The museum’s collection includes masterpieces of calligraphy on paper, parchments, tiles, potteries, rings, seals and engravings among other forms and materials
Inside the museumInside the museum

Calligraphy Museum of Iran was inaugurated August 19 in Tehran at a historical building on Shariati Street.

Tehran Beautification Organization (TBO) started building the museum two years ago. The organization, affiliated to Tehran Municipality, buys historical buildings of architectural and cultural significance to help uphold the identity of the city. The building housing the Calligraphy Museum dates back to 1950’s. It is now repaired and remade into a permanent museum containing a collection of fine calligraphy works.

The collection includes masterpieces of calligraphy on paper, parchments, tiles, potteries, rings, seals and engravings among other forms and materials, Honaronline reported.

“We were fortunate to have the support of artists and enthusiasts who introduced us to valuable calligraphy collections,” Issa Alizadeh, head of TBO said at the inauguration ceremony.

Alizadeh referred to the collection by late master calligrapher Abdollah Fuadi as one of the most prized holdings of the museum.

  Long Way Ahead

“As we approached the opening day, it dawned upon us that it’s just the beginning of a long way … The Calligraphy Museum should become the most important source of research and study on calligraphy,” Alizadeh added.

Before the opening, Qazvin Calligraphy Museum was the only major reference for the art in Iran. Seyed Ahmad Mohit Tabatabai, head of ICOM (International Council of Museums) in Iran, referred to the examples of calligraphy in other museums in Tehran, namely the National Museum and Reza Abbasi Museum, and said: “Inauguration of a calligraphy museum in the capital, particularly in a historical building, is a significant development and demonstrates cultural development.”

A calligraphy master was present at the inauguration ceremony.
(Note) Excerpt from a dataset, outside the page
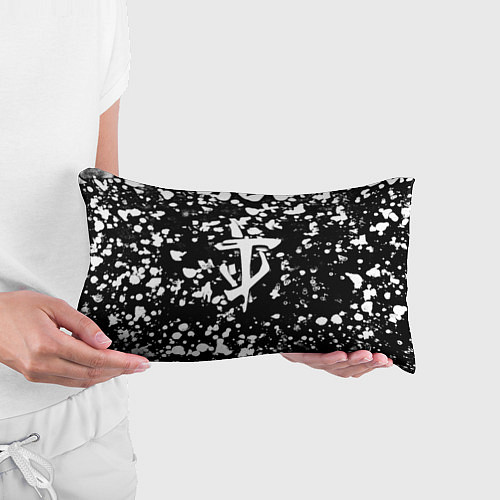 Подушка-антистресс Дум белые брызги красок / 3D-принт – фото 3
Karam Ali Shirazi, 36, proficient in the calligraphy schools of ‘Moin Isfahani’ and ‘Qolam Hossein Amirkhani,’ has held many exhibitions in and outside Iran.
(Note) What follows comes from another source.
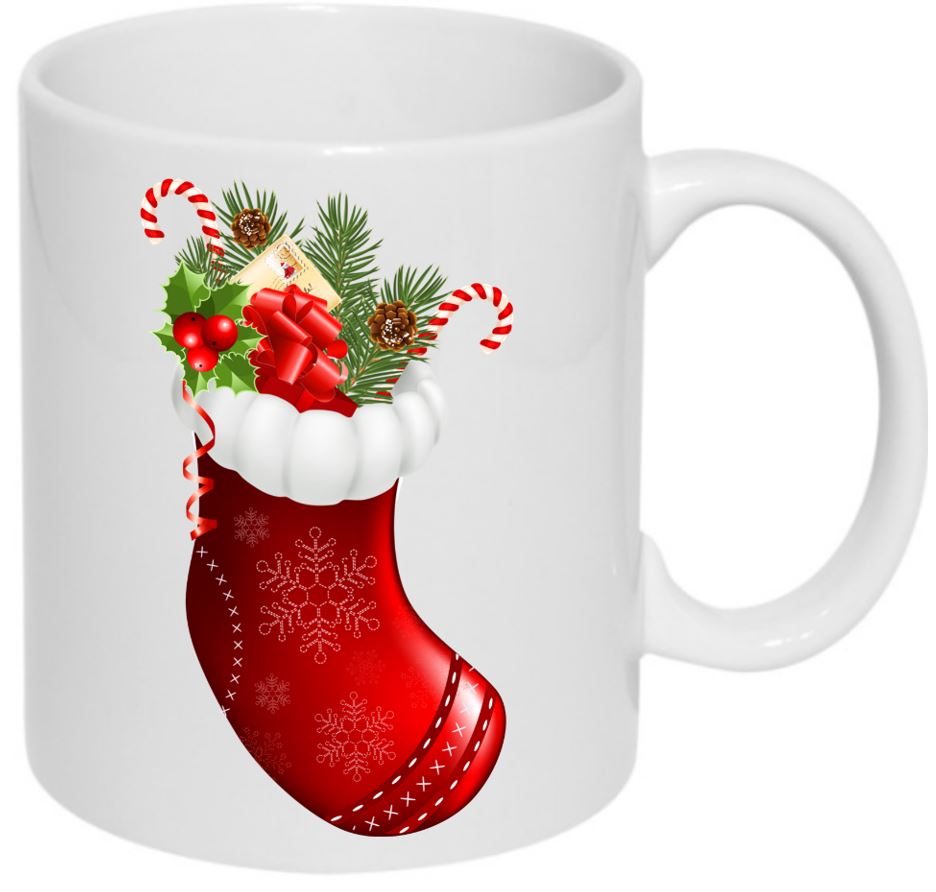 KUBEK PREZENT ŚWIĘTA WIGILIA MIKOŁAJ SKARPETA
Shirazi explained the reason why the new museum made him happy: “On several occasions I received large quantities of top-class calligraphies for evaluation before they were sent abroad.

I had mixed emotions. I was proud because the brilliant works of Iranian artists were being appreciated in other countries. I believe, such works should not be confined within the country; they can serve as cultural envoys. But my other feeling was regret for losing the artistic treasures. I wished the works could have stayed inside the country as treasures of cultural heritage.”

  Collecting Process

About how the present items of the museum were collected, Mohammad Hassan Hamedi, a representative of the museum’s expert council said: “I was tasked with collecting the artworks and I introduced three experts. All three are active calligraphers focused on their fields of work: Mojtaba Malekzadeh, Mohammad Javad Jeddi and Hamid Reza Qlichkhani.

“Calligraphy collectors are not a large community, and very soon all were aware of the project. So we assessed the authenticity of the works, evaluated them and started to buy them. The collectors were flexible and offered discounts. Sometimes we could buy an entire collection which is very important in enriching the museum.”

Calligraphy Museum of Iran is located on Fouladvand Dead-end, southern end of Shariati Street.